CoBalT aims to find out whether giving CBT in addition to antidepressants can improve outcomes for people with treatment resistant depression, compared to antidepressant treatment alone.
CoBalT aims to find out whether giving CBT in addition to antidepressants can improve outcomes for people with treatment-resistant depression, compared to antidepressant treatment alone.

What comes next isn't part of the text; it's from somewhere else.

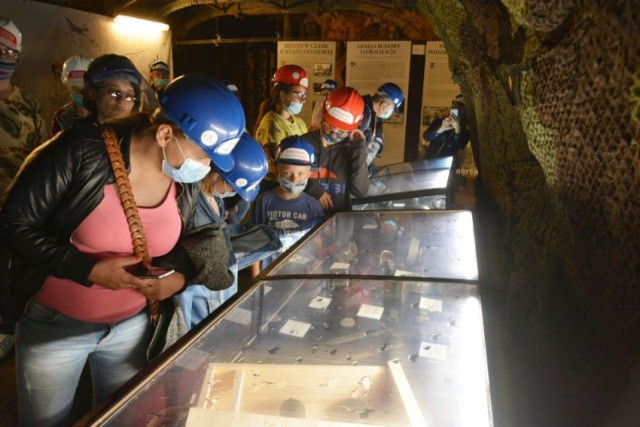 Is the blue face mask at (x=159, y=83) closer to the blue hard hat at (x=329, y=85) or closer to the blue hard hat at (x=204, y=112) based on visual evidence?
the blue hard hat at (x=329, y=85)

The researchers examined a particular style of therapy, Cognitive Behavioral Therapy (CBT), which past research has shown to be a particularly effective treatment for depression. They explain that CBT “teaches patients skills to help them better manage their mood, and so has the potential to result in a benefit that is sustained beyond the end of therapy.” While CBT has been tested and found effective for depression, including treatment-resistant depression, few studies have tracked the long-term results of this approach.

Treatment-resistant depression (TRD), which is also referred to as “refractory depression,” “chronic depression,” and “difficult-to-treat depression,”  is commonly defined by the failure to respond to two different antidepressants. However, the past research indicates that approximately 60% of patients do not respond to antidepressants and that, therefore, “treatment-resistance” might be better characterized as a diagnostic “paradigm failure.”

Current treatment guidelines suggest that antidepressants be used over psychotherapy for major depressive disorder. An analysis published in JAMA in September, however, found that “patients with more severe depression were no more likely to require medications to improve than patients with less severe depression.” The same study also suggested that CBT may be used an effective first-line treatment for severely depressed patients.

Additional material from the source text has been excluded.